I would be patrolling the streets of the Ardoyne district and be subjected to verbal abuse. These would come in many forms such as abuse at my family to try and provoke a reaction from me. This I thought was a little silly as I kept my cool. I remember the snow that fell in the February of 94. We were ridiculed and had snow slung at us.
We were often outnumbered, but I remember exacting revenge on the odd school kid by throwing their bags onto the roof of a derelict building. A street that runs down the back of the houses was called the pipe range as it was generally here that soldiers were shot up. Then there was the Brompton Gap which had 16 British Soldiers killed since the rise in the troubles in the early 70s. We patrolled through it, while one would crouch by the wall and look through the susat x4 scope for possible snipers.
The rain would pour over the grey streets and it would look just like home. Bins and food spilling out into the alleyways. Dogs and children would play around in the refuse and dirty nappies would create a stench that would make you vomit. The violence on these streets were second nature to most of these children and to some it was a test of their manhood to try their mettle on the likes of us. For a lot of us, the confrontation with angry civilians was worse than a confrontation with a conventional enemy on the battlefield. It was an ugly confrontation with people we thought we were trying to help.

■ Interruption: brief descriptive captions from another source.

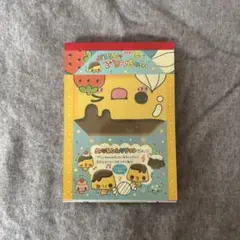 ぷるるんプリンちゃんズ　メモ帳　平成レトロ 平成レトロ ぷるるんのプリンちゃん メモ帳 - メルカリ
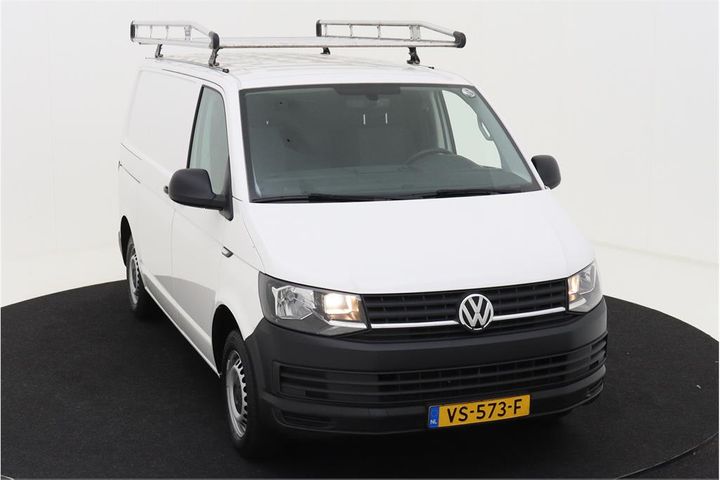 Photo 2 VIN: WV1ZZZ7HZGH048059 - VOLKSWAGEN TRANSPORTER 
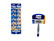 Gillette Blue III Plus 10 kpl 0,99€ kpl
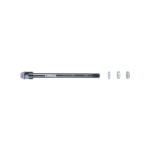 M12 x 1.0 Steckachsenadapter 157-172 mm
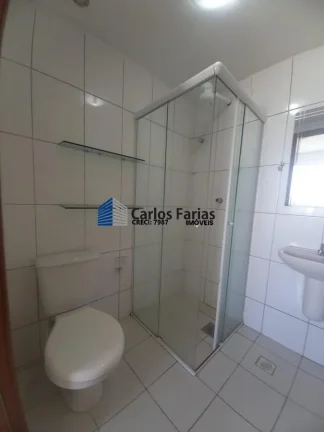 Imagem Apartamento para Locação em Brasília, Taguatinga Centro (Taguatinga), 1 dormitório, 1 banheiro, 1 vaga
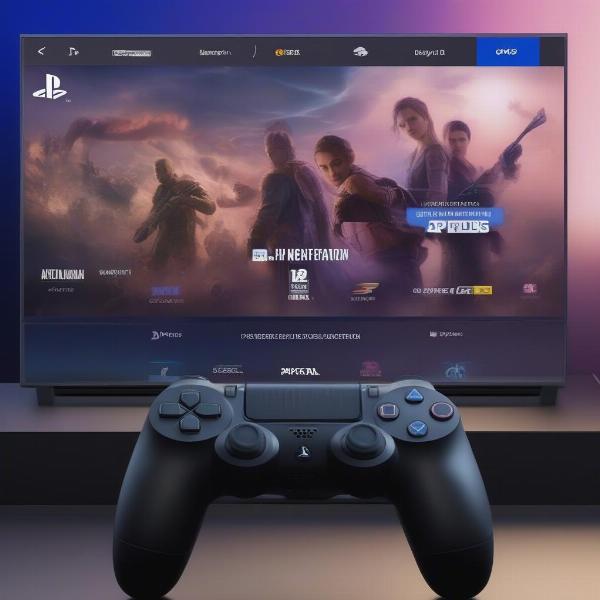 ps plus cloud gaming ps5 ps4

I remember a tactic we employed was to confuse anyone ‘dicking’ the patrol. Dicking a patrol meant that someone was watching and making notes of our routines and how alert we were. If we were slack then that meant we were likely to get attacked or a bombing. We normally patrol in a multiple of four bricks. Terminology for this is a bit different from other armies. A multiple consisted of four teams of 4 men.

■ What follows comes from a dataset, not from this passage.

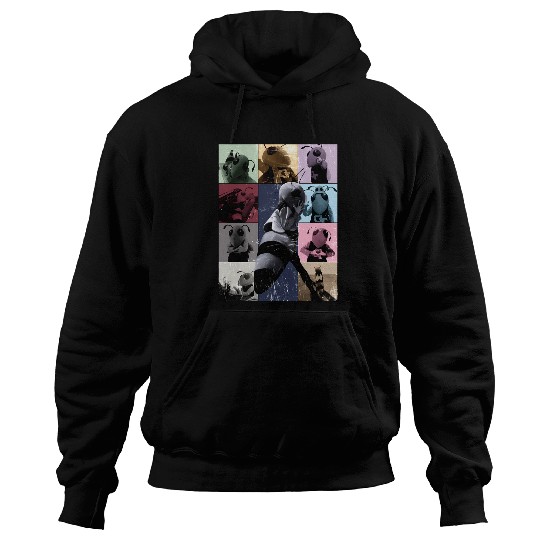 Buzz Eras Tour 1705 Hoodies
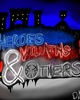 Go to 'Heroes Villains Others' comic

We would have three satellite teams giving mutual support to the primary team which would normally have an RUC (Royal Ulster Constabulary) policeman and the Multiple Commander (normally a commissioned officer or a Sergeant). The new strategy was the phantom team which would be lightly kitted out without webbing. All ammunition would be carried in our jackets. We would run through the patrol route and hopefully confuse any ‘dickers’ out there. We were trying to be unpredictable in a number of streets that were patrolled four or five times a day. It was a difficult thing to do.

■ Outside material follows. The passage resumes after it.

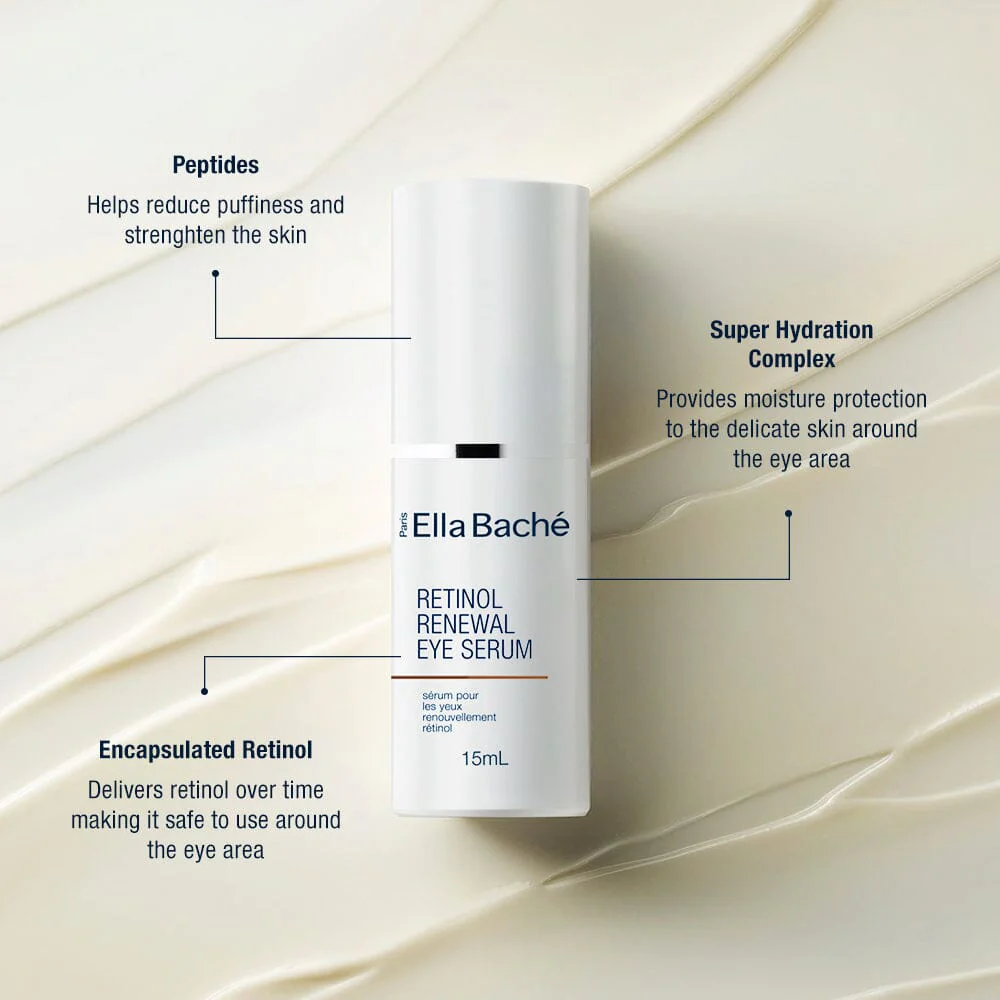 Retinol Renewal Eye Serum - Image 3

We would be picked up at the ‘pick-up-point’ by Saxon. A Saxon was a four wheeled armoured personnel carrier and we’d bend our ECM antennas down before clambering into the back of these big vehicles. There were times during the weekend that you could hear clanging on the outside and you knew that the top cover who’s legs were right in front of you was target practice for the kids on the Cliftonville estate or the Old Park estate.
We’d trundle back into Girdwood Barracks and climb out the back of the vehicles and line up by the unloading bay. The team commander would get his torch out and get us to unload then check our rifles were empty by shining a light into the breech with the working parts held back.
“Clear. Ease springs,” he’d say and we’d press the release catch and let the working parts slam forward. Take the safety catch off, fire off the action and put the safety catch back on, then close the dust cover. It was all done by rote and muscle memory. I could probably do it all again now without a shadow of a doubt. Then we’d wander down the briefing room to get debriefed. What did we see and how did it go, where did we really go and change the honesty trace that detailed our preplanned route which invariably changed as the patrol went ahead. At half eleven at night we shrug off our ECM turn it off dismantle the antenna and sit down for a bit. We lived in mortar proof prefabricated buildings that were self contained. A shower would take me to half 12 in the morning and I’m ready for some shut eye. In the 8 man room, there are 4 bunk beds and we have to be quiet as the other team are asleep – one of them is snoring loudly and we climb into our beds. Above my upper bed in the ceiling I have made a make shift book case and I take down a book to read. The red lights of the room are snapped shut and I’m told to turn my head torch off. It’s turned off and I lay on my back in the hope I drift off. We’re out again at 0615hrs this morning. Gives me 4 hours sleep. That would be the first of four patrols in that day. We were to rendezvous at Old Park RUC station. The station that was reputed to be the most shot at police station in Europe. Only last week a coffee jar bomb was thrown into the perimeter fence of the tennis court size station. High above the RUC station a tower housed five soldiers who observed the Ardoyne and noted any ‘players’. ‘Players’ were the names we’d give to people who were associated to terrorist organisations.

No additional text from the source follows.